Starring Robert De Niro in the title role and Al Pacino and Joe Pesci in supporting roles, The Irishman is about a truck driver Frank “The Irishman” Sheeran (De Niro) who becomes a hitman, working with gangster Russell Bufalino (Pesci) and his crime family. He also works for the powerful labour union leader Jimmy Hoffa (Pacino).
The case of Al Pacino’s character James Riddle Hoffa is an absolutely fascinating one. Like De Niro’s Frank Sheeran and Pesci’s Bufalino, he is also based on a real man. Hoffa served as the President of the International Brotherhood of Teamsters (IBT) (a labour union) from 1957 until 1971.
At some point during his presidency, he got involved with the mob to eliminate his rivals.
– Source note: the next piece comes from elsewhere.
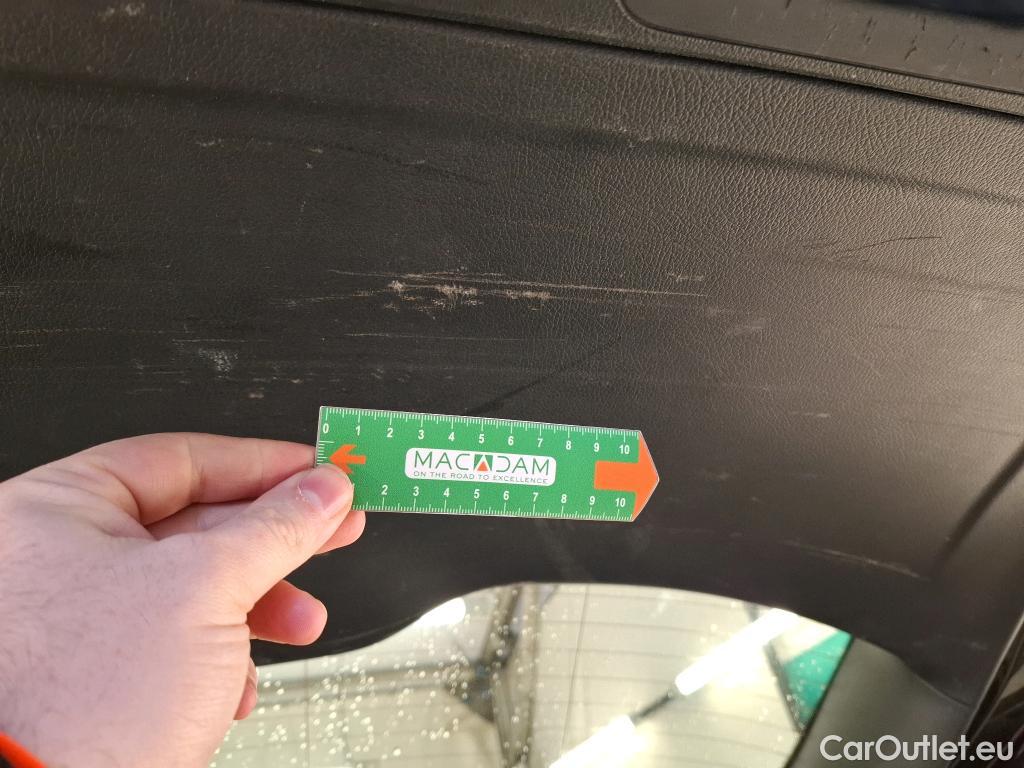  Mercedes  GLB MERCEDES-BENZ  / 2019 / 5P / SUV  200 d Business Line #6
While the mob certainly gets the job done, you can never really pay off the debt. In late 1975, Hoffa disappeared and to date, it is not known what happened to him — though nearly everyone believes his involvement with the mafia led to his downfall. You see, after his run-in with federal authorities, his suspicious union activities are discovered and he serves time. He is also barred from running the Teamsters for 10 years.
Though we will likely never know for sure what got Hoffa, we can at least theorise.
The Irishman, which is based on I Heard You Paint Houses: Frank “The Irishman” Sheeran and the Closing of the Case on Jimmy Hoffa, posits that it was Sheeran who shot him at point blank range at the behest of the mafia lords.
Hoffa, a 1992 biopic starring Jack Nicholson, has Hoffa as its centre and theorises in detail as to what happened to him. Directed by Danny DeVito, the movie is just average and it is only Nicholson’s hypnotic and uncharacteristically restrained performance that saves it from becoming a total slog. It is hard to tell that this is the actor who has played Joker and Jack Torrance.
In Hoffa, it is Armand Assante’s fictional mob boss Carol D’Allesandro, who likely gets him killed (it is implied, and not made explicit).
Even with an average screenplay and direction, Jack Nicholson’s stamp on Hoffa is arguably stronger than Al Pacino’s, though it can be said that having his character at the centre-stage helped Nicholson.